Grantland’s Zach Lowe explores the strange case of Tennessee’s jock tax, which unlike most such taxes — which are meant to grab a share of salaries earned by visiting athletes playing in your state — is a flat $2,500 per game, up to a maximum of three games a year. And it only applies to NBA and NHL players. And, in a case of Grantland burying the lede a bit, the tax doesn’t actually go to Tennessee at all:
Except the money doesn’t go to the state — another of Tennessee’s jock tax quirks. It goes to the operators of the [Memphis] Grizzlies‘ arena, who happen to also own the franchise, Klempner says. The state doesn’t see a dime, at least not directly. The theory is that arena operators will use the extra cash to spruce things up, draw more celebrated acts, and spend in other ways that will ultimately bring more visitors and money to the Memphis area.
“The state is collecting this money on behalf of a private entity,” [interim head of the NBA players’ union Ron] Klempner says.

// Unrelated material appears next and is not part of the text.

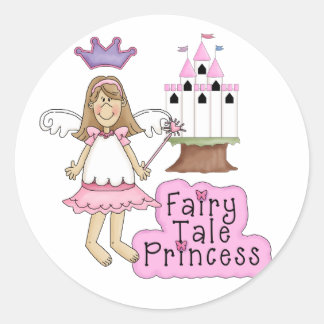 Sticker Rond Princesse rose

The Tennessee jock tax, which also benefits the operators of the Nashville Predators arena (who are, surprise, surprise, the owners of the Predators), was first created in 2009 under somewhat mysterious circumstances: contemporary reports don’t mention that the money would go to the arena operators rather than the state. NBA and NHL players have been griping about the tax ever since, though, and it’s no doubt more of those complaints, from Klempner among others, that prompted this latest Grantland story.
It probably shouldn’t be surprising, in any case, given that Tennessee elected officials already gave the Grizzlies owners a non-compete clause that let them drive a neighboring city-owned arena out of business, plus accidentally gave them a parking garage, and gave the Predators owners $2 million a year in sales tax subsidies without telling their city landlords. Maybe Tennessee newspapers might want to start reading the fine print before these deals are actually signed into law, you think?